Print the whole listing exactly as it appears, but skip the pictures.

_Supplied data:_
------------------------------------------------------------------------

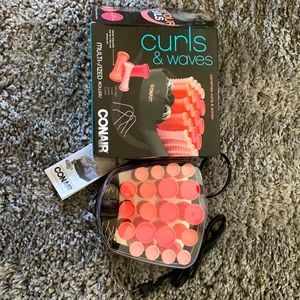 CONAIR heat rollers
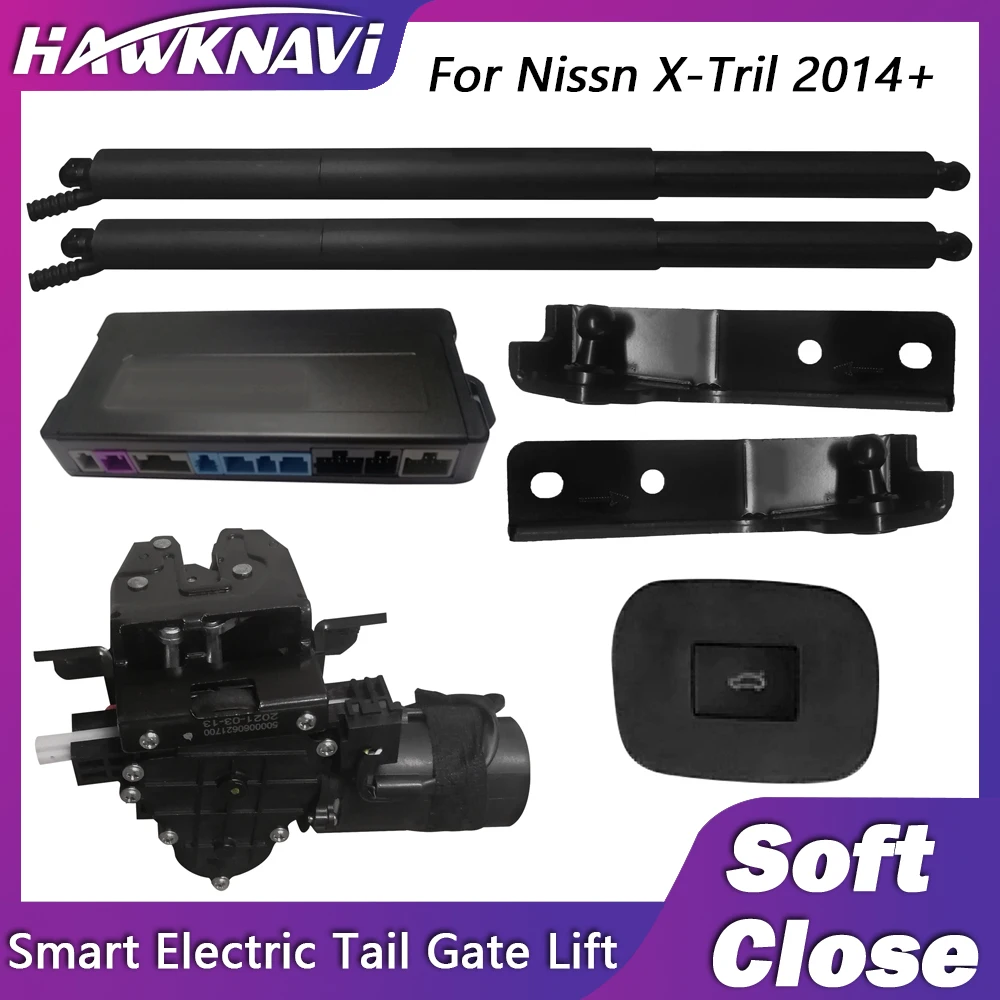 Hawknavi Automatic Tailgate Lift for Nissn X-Tril 2014+ Electric Tail Gate Trunk Opening Foot Sensor Car Door Closer
Hawknavi Automatic Tailgate Lift for Nissn X-Tril 2014+ Electric Tail Gate Trunk Opening Foot Sensor Car Door Closer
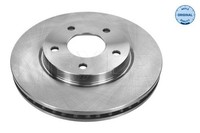 Meyle 32-15 521 0013 Bremsscheibe FüR Mitsubishi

------------------------------------------------------------------------

_Result of the exercise:_
 CONAIR heat rollers
 Hawknavi Automatic Tailgate Lift for Nissn X-Tril 2014+ Electric Tail Gate Trunk Opening Foot Sensor Car Door Closer
Hawknavi Automatic Tailgate Lift for Nissn X-Tril 2014+ Electric Tail Gate Trunk Opening Foot Sensor Car Door Closer
 Meyle 32-15 521 0013 Bremsscheibe FüR Mitsubishi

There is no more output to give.